Notice: The reproducibility variables underlying each score are classified using an automated LLM-based pipeline, validated against a manually labeled dataset. LLM-based classification introduces uncertainty and potential bias; scores should be interpreted as estimates. Full accuracy metrics and methodology are described in [1].

A Closer Look at Multimodal Representation Collapse

Authors: Abhra Chaudhuri, Anjan Dutta, Tu Bui, Serban Georgescu

ICML 2025 | Venue PDF | LLM Run Details

Reproducibility Variable Result LLM Response
Research Type Experimental Extensive experiments on multiple multimodal benchmarks validate our theoretical claims. Project page: https: //abhrac.github.io/mmcollapse/.
Researcher Affiliation Collaboration 1Fujitsu Research of Europe 2University of Surrey. Correspondence to: Abhra Chaudhuri <EMAIL>.
Pseudocode No The paper describes an algorithm called Explicit Basis Reallocation (EBR) in Section 3.4, detailing the optimization criteria and updates using mathematical notation. However, it does not present this as a formally structured pseudocode block or algorithm figure.
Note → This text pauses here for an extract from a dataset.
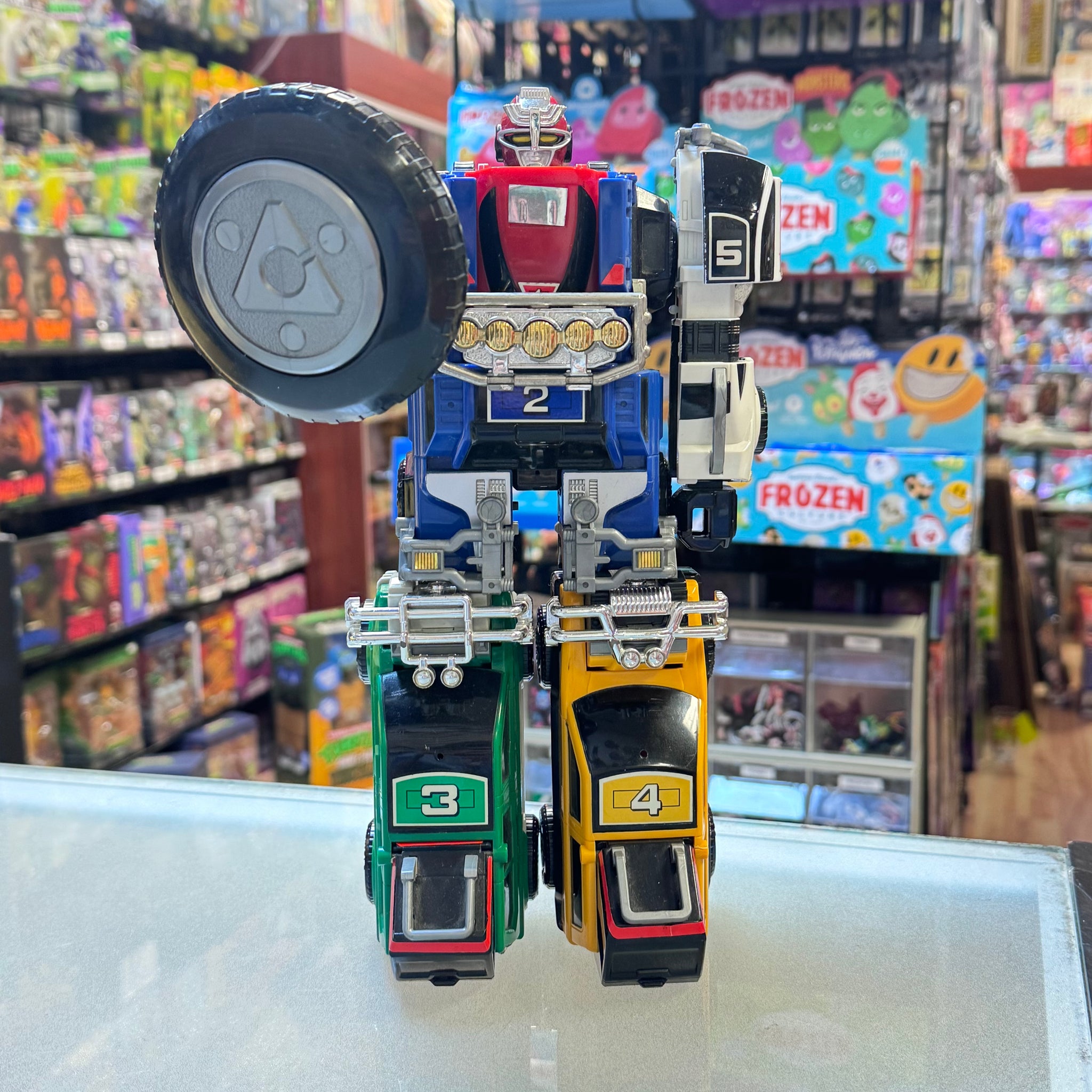 DX RV Robo Megazord with Accessories (Vintage MMPR Power Rangers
Open Source Code No The abstract mentions a 'Project page: https: //abhrac.github.io/mmcollapse/'. This is a high-level project overview page and not a direct link to a source-code repository, nor does the text explicitly state that the code for the described methodology is released or available.
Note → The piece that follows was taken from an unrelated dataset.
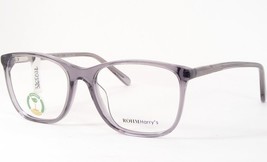 Röhm Harry&#39;s 1694 854 Transparent Grey Premium Kids Eyeglasses Rohm 49-16-135mm - $59.40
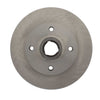 Centric Rear Disc Brake Rotor for Volkswagen (121.33022)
Open Datasets Yes We choose the MIMIC-IV (Johnson et al., 2023) and av MNIST (Vielzeuf et al., 2018) datasets for our experiments.
Dataset Splits Yes For MIMIC-IV, we follow the same settings as (Wu et al., 2024) and that of (Wang et al., 2023; Ma et al., 2021) for av MNIST. [...] To evaluate our approach, we adopt the experimental setup of MUSE (Wu et al., 2024), following which we mask out the modalities in the MIMIC-IV dataset with probabilities {0.1, 0.2, 0.3, 0.4, 0.7}.
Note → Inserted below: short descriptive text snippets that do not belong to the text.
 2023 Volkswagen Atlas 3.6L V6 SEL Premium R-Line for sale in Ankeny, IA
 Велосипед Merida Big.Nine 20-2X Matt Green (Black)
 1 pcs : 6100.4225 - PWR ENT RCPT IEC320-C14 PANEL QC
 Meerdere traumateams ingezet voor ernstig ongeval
Hardware Specification No The paper does not provide any specific details about the hardware used for running the experiments, such as specific GPU or CPU models, or memory specifications.
Software Dependencies No The paper mentions using 'Tian et al. (2020) as our cross-modal knowledge distillation (KD) algorithm of choice applied on top of MUSE (Wu et al., 2024)', but it does not specify version numbers for any software libraries, frameworks, or tools.
Experiment Setup Yes The two hidden layers of ψ have output dimensionalities 512 and 256 respectively. The hidden layers of h have output dimensionalities 1024 and 512 respectively, whereas that of h 1 is 512 and 1024. The model was trained for 1200 epochs, with an initial learning rate of 0.01, decayed at a rate of 0.9 every 100 epochs. We interleave between the optimization of Lmd and Lsem every 10 epochs.